■ **WORK REQUIRED**: In the entries below, find the line with "2022-chevrolet-silverado-2500-image-15" and the line with "disewakan harian mobil". Repeat exactly everything between them, those two lines included, but not the pictures.
====== TASK INPUT ======
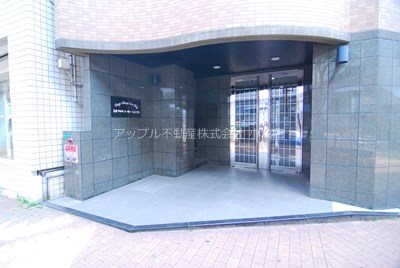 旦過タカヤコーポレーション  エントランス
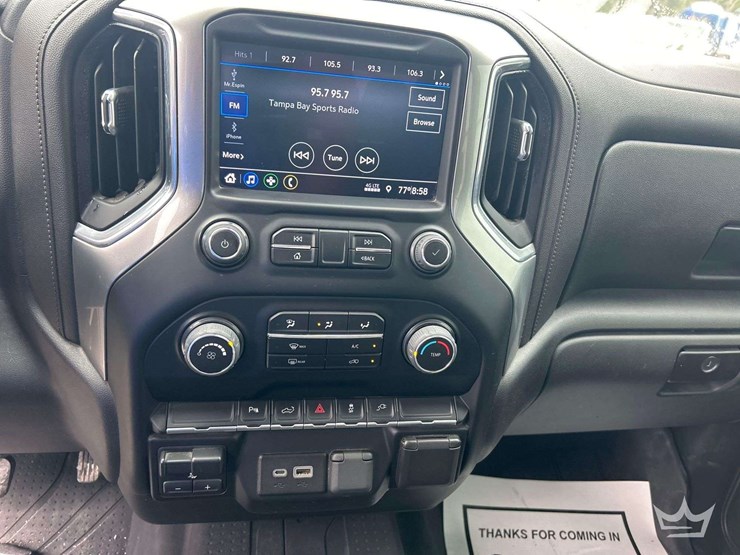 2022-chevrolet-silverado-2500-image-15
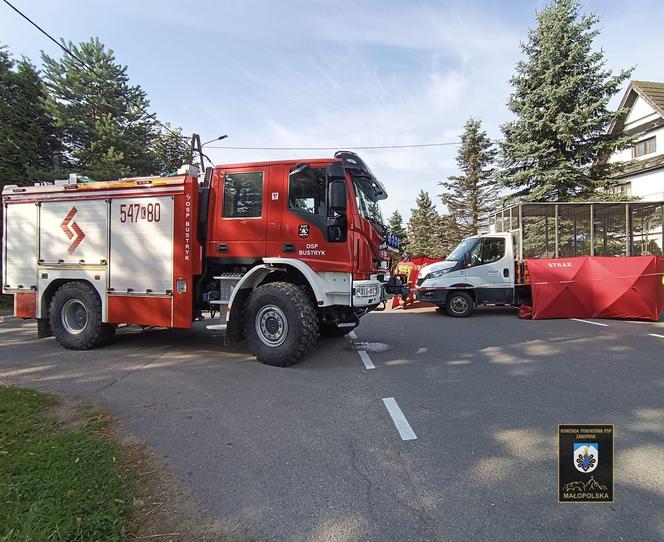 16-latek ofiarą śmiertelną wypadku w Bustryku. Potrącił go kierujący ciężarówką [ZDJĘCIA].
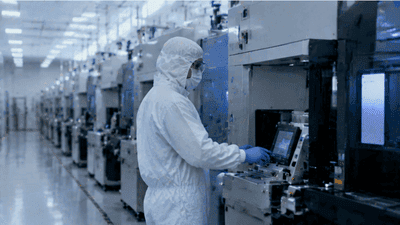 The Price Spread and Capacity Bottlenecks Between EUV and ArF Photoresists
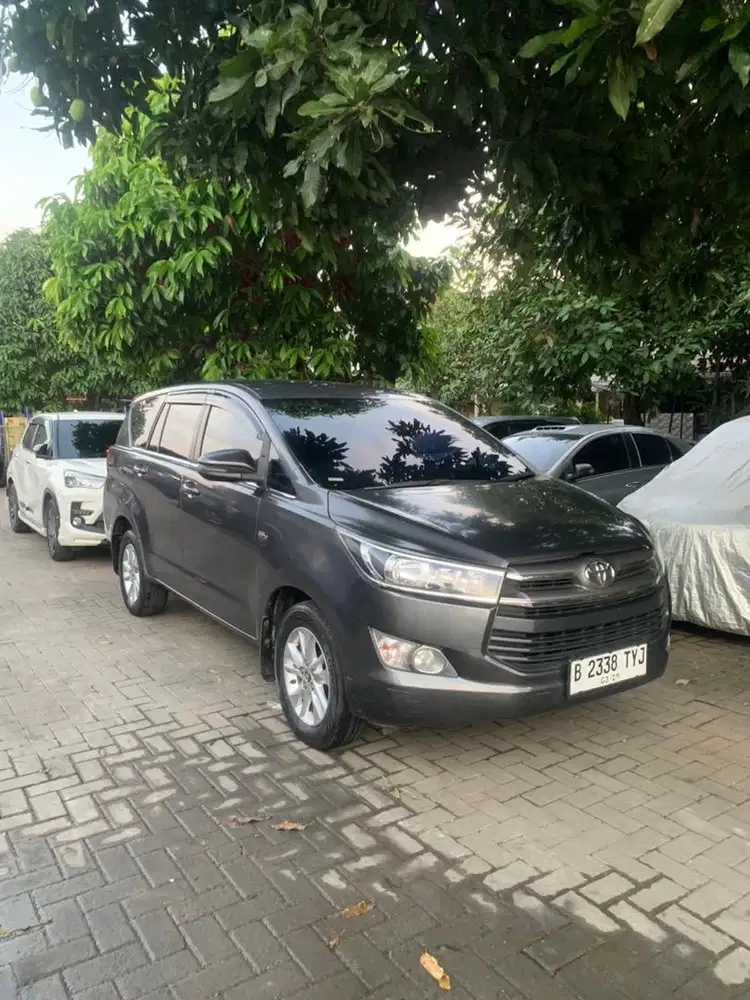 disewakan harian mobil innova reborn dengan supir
======
====== TASK INPUT ======
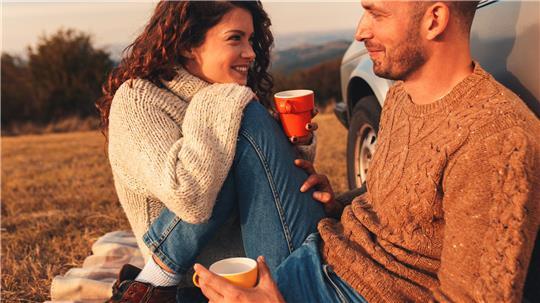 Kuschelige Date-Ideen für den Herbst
======
■ **WRITTEN RESPONSE**:
 2022-chevrolet-silverado-2500-image-15
 16-latek ofiarą śmiertelną wypadku w Bustryku. Potrącił go kierujący ciężarówką [ZDJĘCIA].
 The Price Spread and Capacity Bottlenecks Between EUV and ArF Photoresists
 disewakan harian mobil innova reborn dengan supir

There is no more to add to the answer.